I long for the period of my life when I can accept the man I've become and show pride in myself.
But with that in mind, it raises a much deeper question: what even is the meaning of pride? Does the existence, or rather, the concept of pride even have value within the short period of existence that is life?
And if this pride does have value, then what does that value represent?
How can and should it be measured?
Will this value have any worth at the end?
Or is this value just as insignificant as everything else?
If pride in fact does have value, then:
Does respect for oneself represent pride?
Or do the actions that we make represent what can be used as the substance in which we can take pride? Is it the values, the ideas, the mindset we hold that represent that?
If there were a greater representation of this pride out there that could be used to measure one's own self-worth, should it then be used to measure the overall worth of another person, a society?
What I want to believe is that pride should be measured through humility. I want my pride to be based not on the value of myself, but on how I could increase the value of how others perceive themselves.
I think pride shouldn't be measured by the number of achievements one has made for themselves, but instead, measured by the impact one has on other people.
This concept of pride is valued, even until the end—because a life could either be forgotten or be remembered.

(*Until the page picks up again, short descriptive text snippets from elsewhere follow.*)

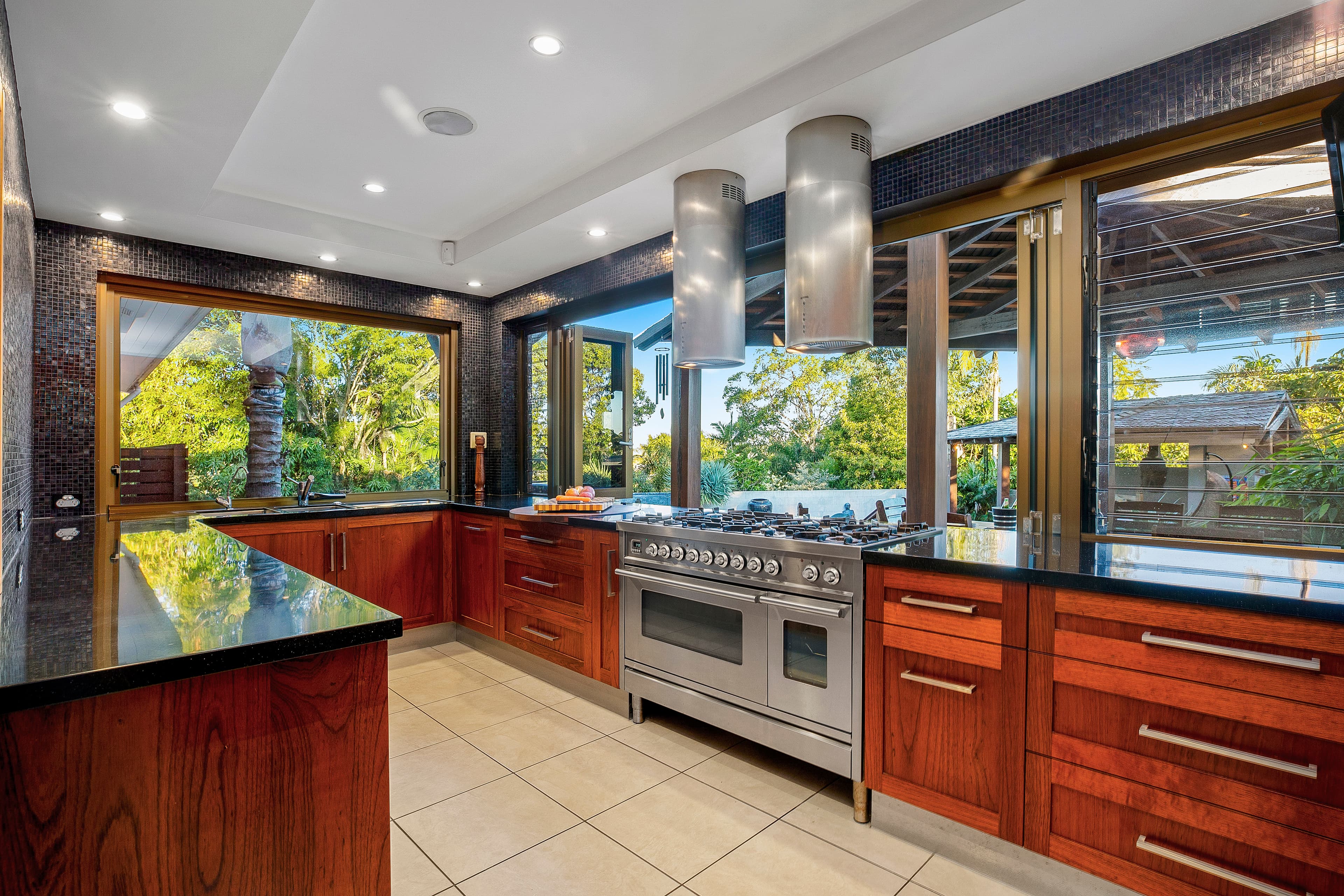 8 Warre Street, Maroochydore, Maroochydore - Thumbnail 3
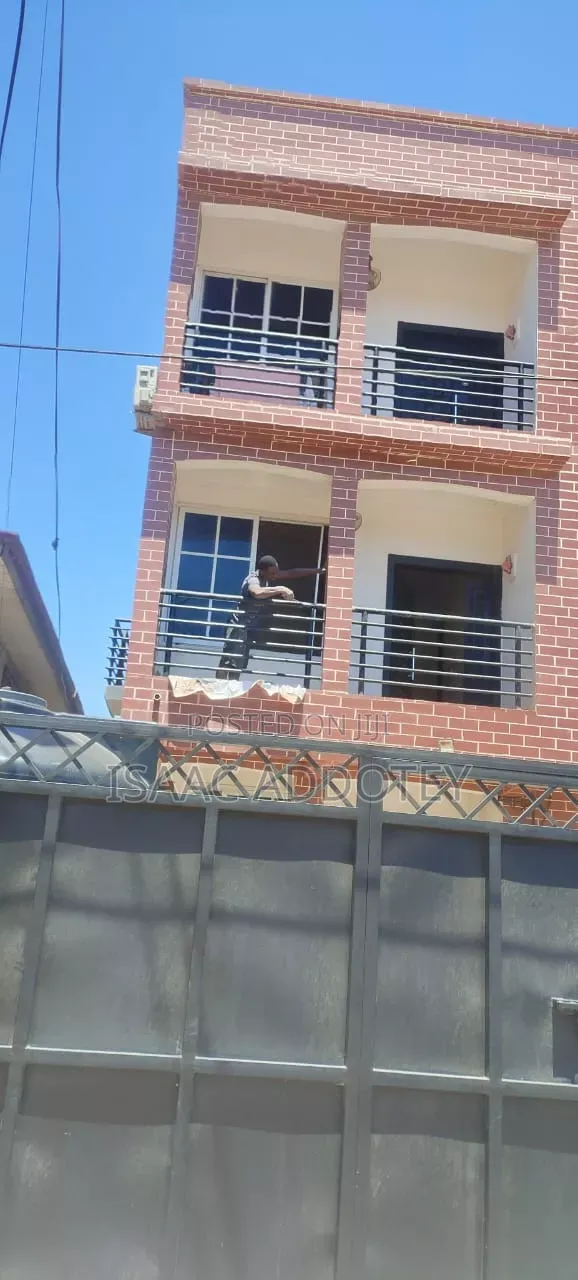 3bdrm Apartment in Lashibi Transforma, Baatsona Total for rent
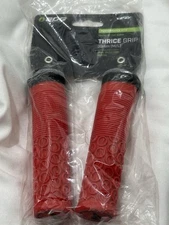 SDG Thrice Lock On Mountain Bike Handlebar Grips - Red M/L 33mm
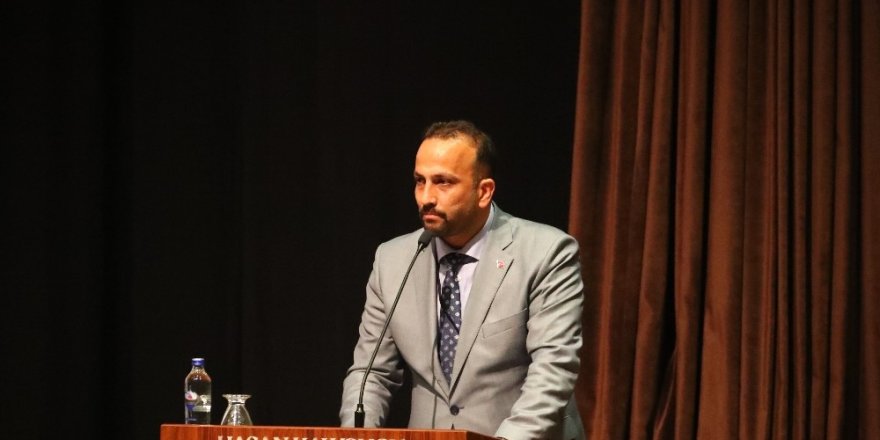 Bilim dünyası HKÜ’de bir araya geldi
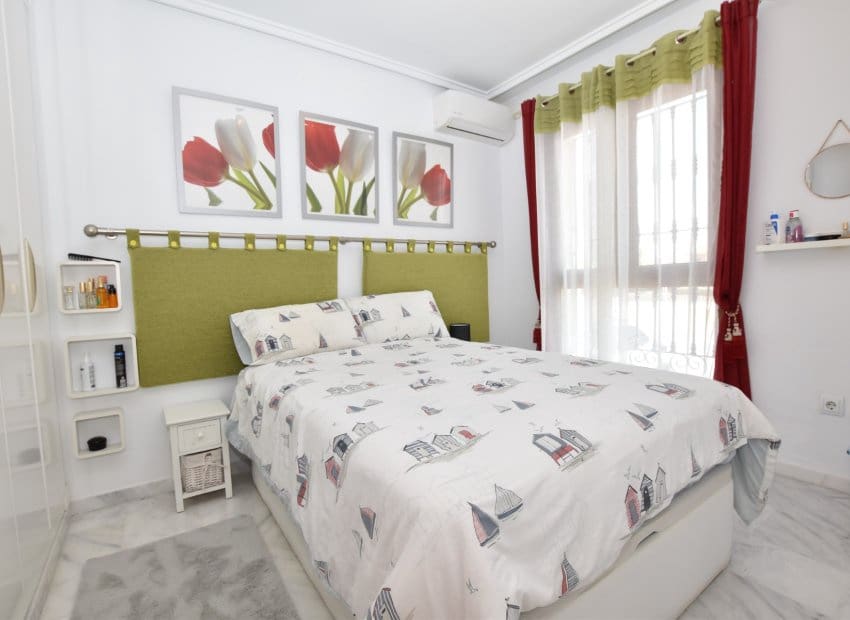 2 bedroom Apartment for sale in Algorfa with pool - € 205,000 (Ref: 9976432)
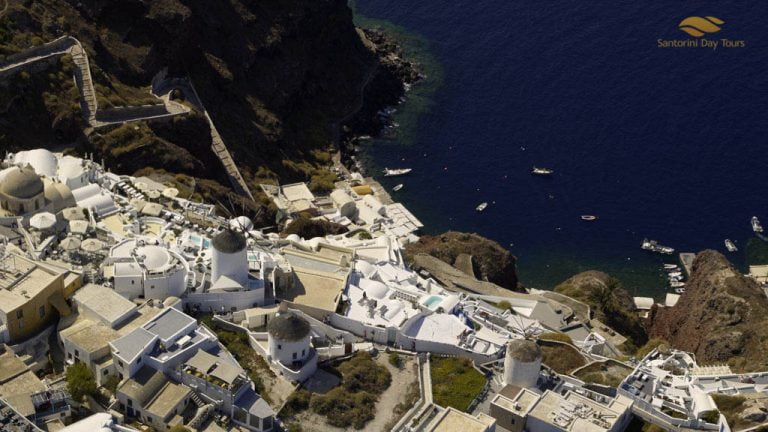 30-Minute Santorini Helicopter Flight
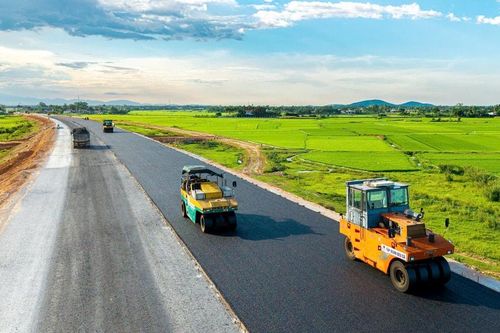 Giữ ổn định vĩ mô để tăng trưởng hai con số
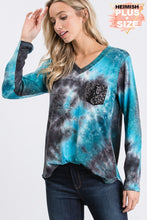 PLUS SIZE LONG SLEEVE TIE DYE PRINT TOP WITH BLACK SEQUIN POCKET - BLACK/TEAL or a BLACK/TAN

A life could be remembered as good, great, and incredible, just as quickly as it could be remembered as bad, horrible, and egregious.
And if a life is remembered as bad, horrible, and egregious, then is it even worth being remembered at all?

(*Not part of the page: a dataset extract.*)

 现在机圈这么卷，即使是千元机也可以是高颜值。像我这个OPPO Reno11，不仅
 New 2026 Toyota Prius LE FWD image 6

The significance of life varies; however, I want to believe that life should be served as a purpose to build up the lives of others, others who are deserving of it. And that the concept of pride should revolve around that.

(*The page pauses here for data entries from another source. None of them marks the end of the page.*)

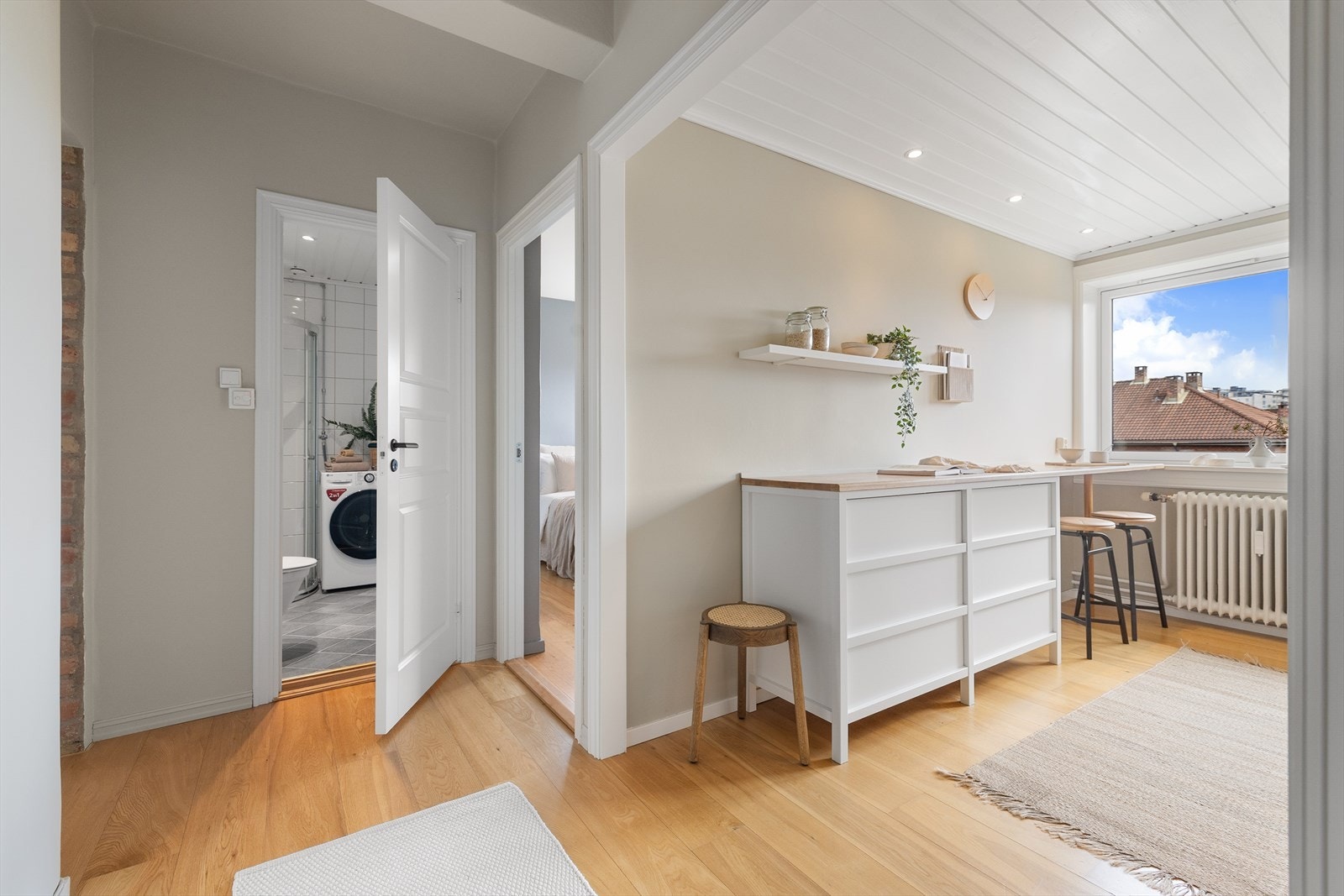 Leiligheten er romslig og har en god planløsning. Kjøkkenet kan flyttes og gjøres om til et ekstra soverom, se alternativ plantegning. Galleribilde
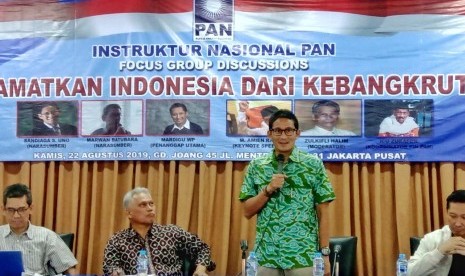 Mantan Gubernur DKI Jakarta Sandiaga Uno menjadi pembicara dalam sebuah forum diskusi di Rumah Joang 45, Menteng, Jakarta, Kamis (22/8).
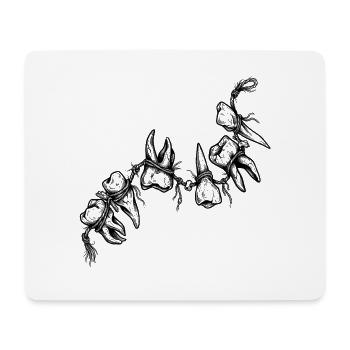 Knochen-Talisman-Halskette – Gotische Zähne und Reißzähne - Mousepad (Querformat) - Weiß - Vorne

Pride should serve as a way to measure one's own worth, not by self-achievement but by the ability for one to assist others in their own achievements, to help build their own pride.
That's not saying that our own achievements aren't worth being prideful in- but we should also take pride in achievements that better the lives of the people important to us.
Our actions define us—but our ideas bind us. And the idea that pride should be measured by our ability to cooperate and enlighten the personal value of others who we can trust illustrates the framework we can use to measure pride.
Pride shouldn't be measured by our actions for ourselves, but instead by our humility, diligence, kindness, support, and understanding.
A life without that type of pride in it shouldn't be a life worth remembering. But a life with those concepts within it—is that a life worth being prideful about?